However, I still don't know if it ends there! OK, we now have leaf nodes that are blended correctly, but do we need to apply blends at the higher level min/max that join them together? Or does it all work itself out? I don't know.
And I won't find out for a little while because I still haven't successfully stumbled across the correct algorithm for deciding where to apply the distributivity rewriting rule. But resolving the tree rewriting algorithm is my current focus, I hope to get it working this week. Btw if you know the correct algorithm please email it to me, thanks.
Tools
Volume, mass, centre of mass
There is a neat way to calculate volume, mass, and centre of mass, if you can take integrals.
For your distance function f(p), define g(p) = f(p) < 0 ? 1 : 0, but with a smooth approximation of the ternary operator (e.g. smoothstep instead of step, with whatever sharpness you think is appropriate for your desired precision level).
Integrate g(p) over all space (e.g. over your bounding box). The result of the integral is the volume of your object in O(1)!
If the object is all one material then you get mass by multiplying by density. If it has multiple materials, then propagate them up your expression tree the same way as you handle colours and surface ids, and then h(p) = f(p).dist < 0 ? : f(p).density : 0.

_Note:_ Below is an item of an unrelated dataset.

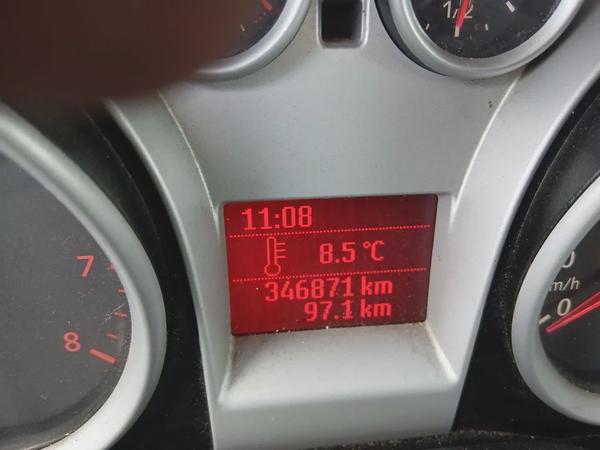 Ford Focus 2011, фото 2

Integrate h(p) to find mass.
And you can binary search within your bounding box, for each axis in turn, to find the point that has 50% of the mass on either side. That point is the centre of mass, found in O(lg N) where N is the level of precision you want (e.g. to find the centre of mass in each axis to 1 millionth (N=106) of the bounding box side length would take 20 steps).
But... this is another place where the maths "just isn't that neat". Automatic integration isn't nearly as straightforward as automatic differentiation. So I think we'd need to use a numerical method to compute the integral. It would look nearly the same as I described above, except multiply everything by O(N^3).

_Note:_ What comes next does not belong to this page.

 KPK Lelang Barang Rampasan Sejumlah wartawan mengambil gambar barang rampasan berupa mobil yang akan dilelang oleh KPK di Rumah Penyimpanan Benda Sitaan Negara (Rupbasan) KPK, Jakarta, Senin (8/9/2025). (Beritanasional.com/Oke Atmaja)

But I think Mathematica can compute integrals analytically, so it is probably possible.
Surface texturing
Surface texturing is something I'm really excited about. We can permute the distance field according to any arbitrary function we define.
Currently I have surface texturing with a "Distance Deform" operator:
That adds a "random" texture to the surface, by multiplying together a bunch of random trigonometric functions applied to the point in space and adding the result to the child distance field.
But instead of just adding random texture, or other procedural textures, we could load an image file and send it to the GPU as a 2d texture, and then extrude it along (say) the Z axis, and tile infinitely in X and Y, scale it etc., and then deform the distance field according to the (interpolated) value of the image.
As an example you could make a 2d SDF of a "checkerplate" texture and have it apply to parts of your model as distance deformations. Adding massively-repeating fine-detail textures in this way is something that is easy with F-Reps but really hard with B-Reps.
It could also be a really neat way to apply logos to surfaces for example. It would make the surface of the model "bulge out" where the logo is. And maybe you could have another mode where the image is revolved, or extruded radially instead of linearly, and pick whichever one best fits the surface you're trying to map it on to.
(Btw would a radial extrude be a useful thing to do with sketches too? Maybe).
CAM
CAM isn't really something I'm bothered about for Isoform. I'm really mainly interested in 3d printing.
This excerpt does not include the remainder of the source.